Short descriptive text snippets
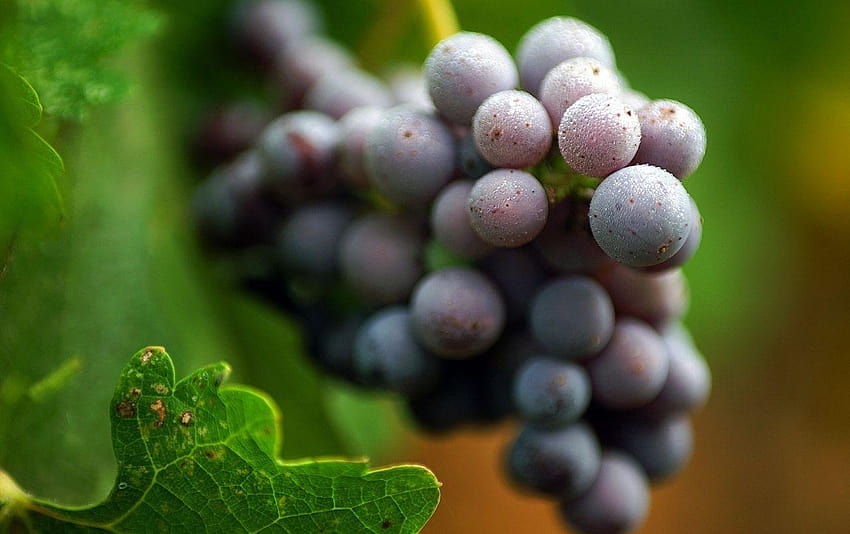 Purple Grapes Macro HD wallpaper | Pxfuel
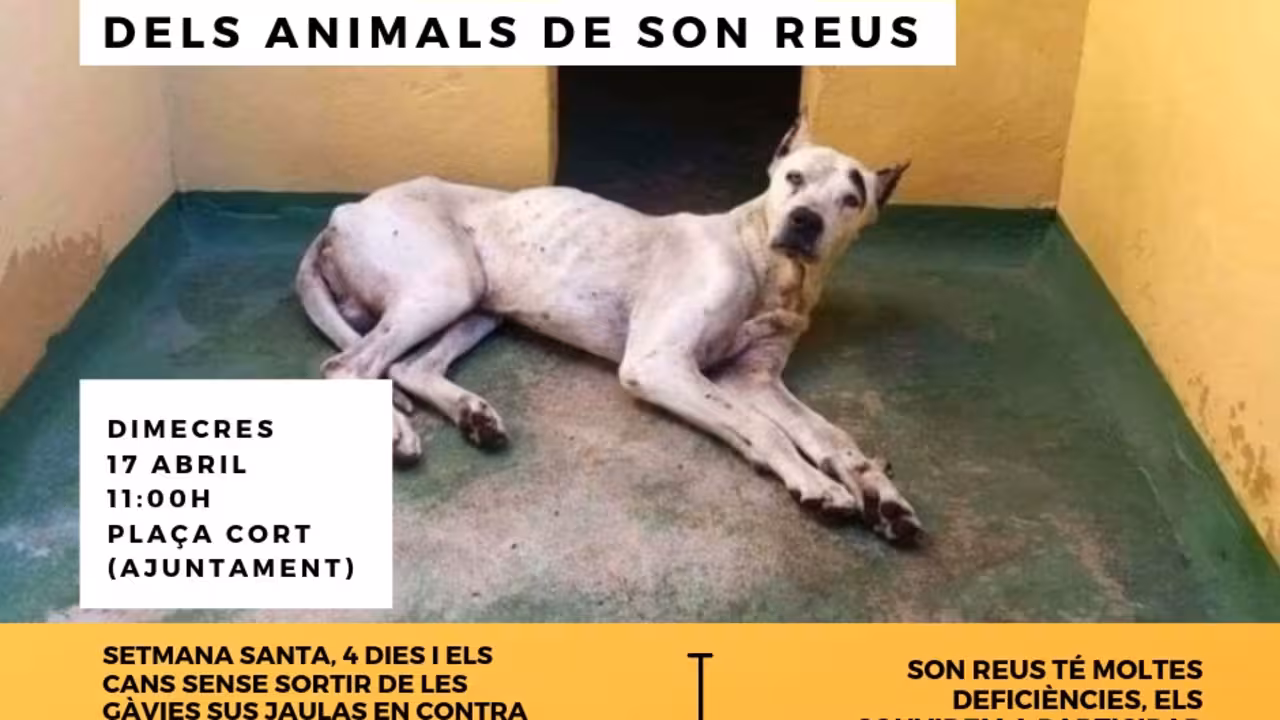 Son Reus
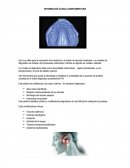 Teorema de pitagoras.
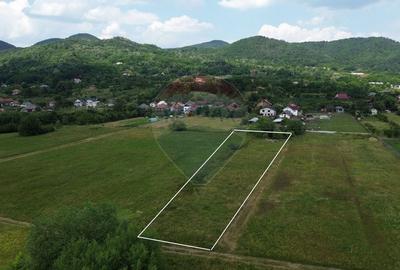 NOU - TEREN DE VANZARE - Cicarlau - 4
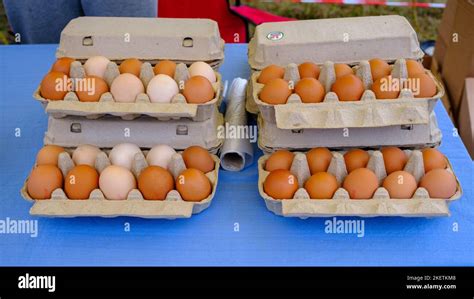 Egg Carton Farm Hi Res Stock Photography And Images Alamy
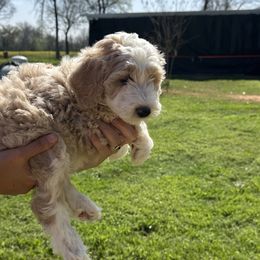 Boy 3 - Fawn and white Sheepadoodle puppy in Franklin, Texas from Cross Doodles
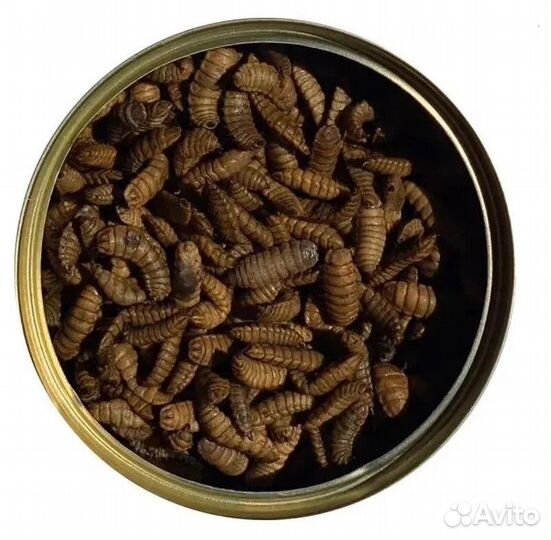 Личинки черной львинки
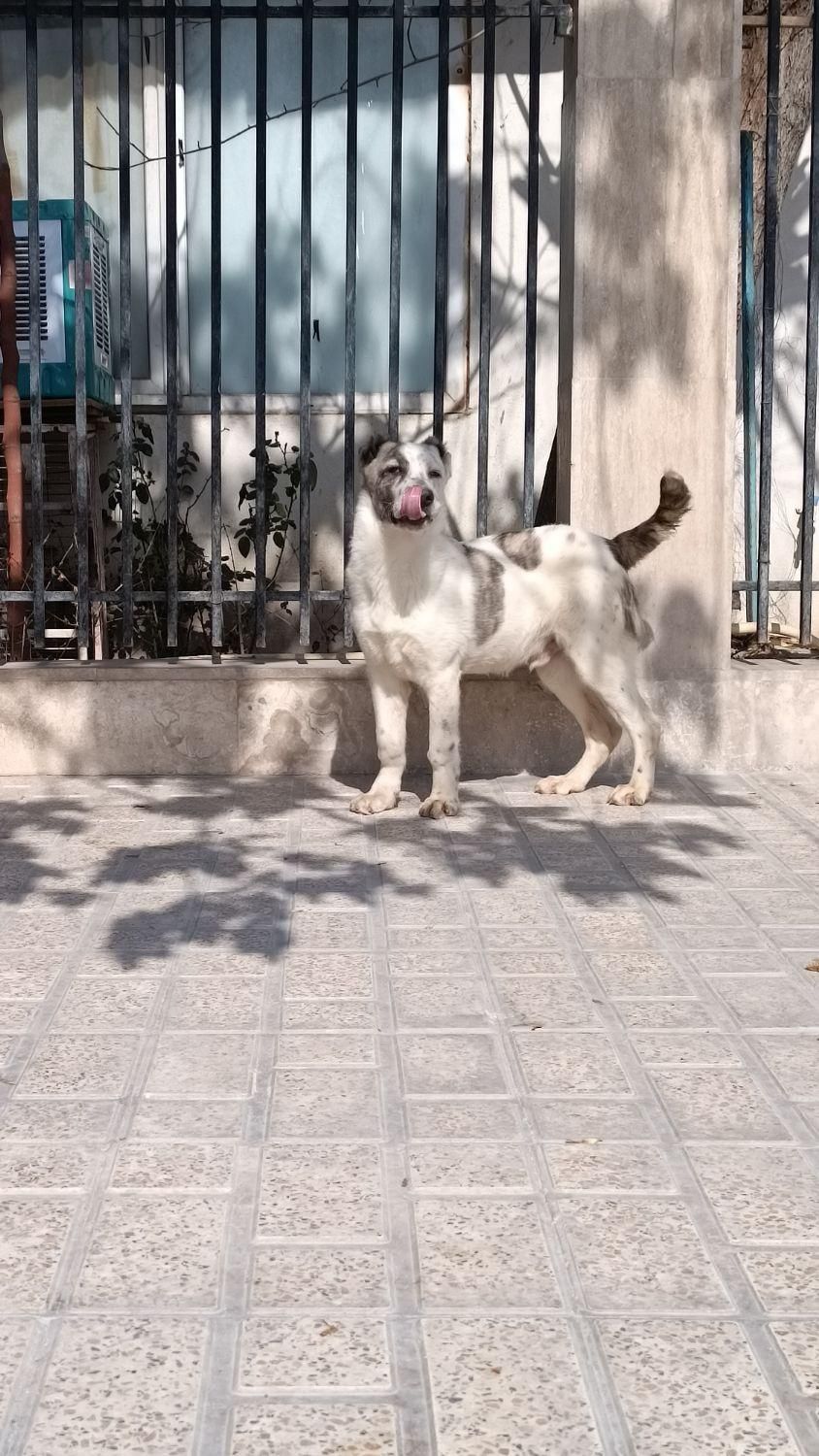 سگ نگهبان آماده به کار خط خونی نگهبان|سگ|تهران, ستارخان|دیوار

## Task directions
Transcribe exactly, and only, the lines from the line with "Teorema de pitagoras." through the last line of the records, inclusive; the pictures do not belong in the copy.

## Solution
 Teorema de pitagoras.
 NOU - TEREN DE VANZARE - Cicarlau - 4
 Egg Carton Farm Hi Res Stock Photography And Images Alamy
 Boy 3 - Fawn and white Sheepadoodle puppy in Franklin, Texas from Cross Doodles
 Личинки черной львинки
 سگ نگهبان آماده به کار خط خونی نگهبان|سگ|تهران, ستارخان|دیوار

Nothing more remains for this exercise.